Tuesday, April 10, 2012
The Opposition Doesn't Much Care But Canadians Do
Harper, freely aided and abetted by the opposition parties in our Petro-Parliament, has been pulling Canada's political centre to what, in decent times, would have been considered the far right.
It's been almost assumed the Canadian public was like-minded. Maybe not.
A survey commissioned by the Broadbent Institute has found Canadians support higher personal taxes and higher corporate taxes to close Canada's ever expanding gap between rich and poor.
The survey of 2000 Canadians, commissioned by the left-leaning Broadbent Institute, found that 23 per cent are "very willing" and 41 per cent are "somewhat willing" to pay slightly more tax in order to protect social programs such as health care, post-secondary education and pensions.

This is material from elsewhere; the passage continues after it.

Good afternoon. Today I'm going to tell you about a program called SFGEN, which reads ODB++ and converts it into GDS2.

The Broadbent Institute, named after the NDP's former leader Ed Broadbent, argues that protecting social programs would help reduce income inequality.

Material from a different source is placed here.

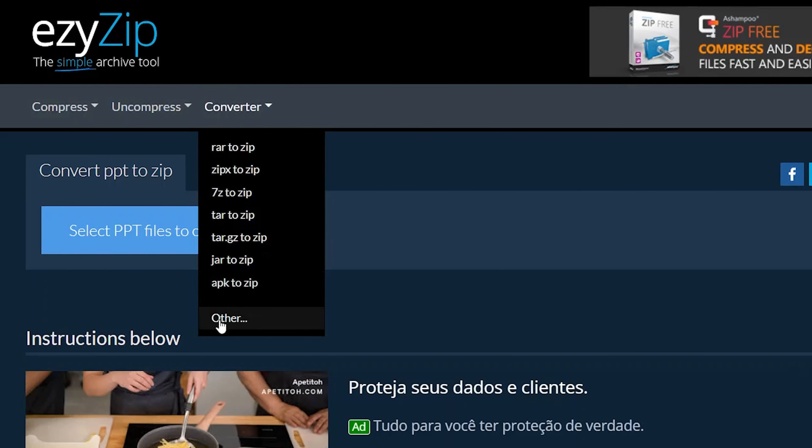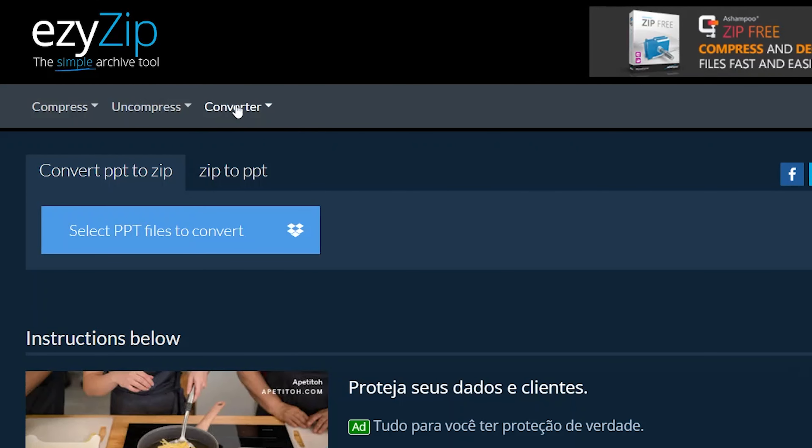EasyZip! How to Convert PowerPoint to Zip.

Liberal and NDP voters are the most supportive of this proposal, the results showed, but 58 per cent of Conservative voters are also in favour of it.
"This attitude toward paying slightly higher taxes is reflected equally in high-income and middle income Canadian households. It's only their governments who are offside," the report, the first from the newly established think tank, said.
But being offside of the public interest is standard form for governments of petro-states, countries like today's Canada.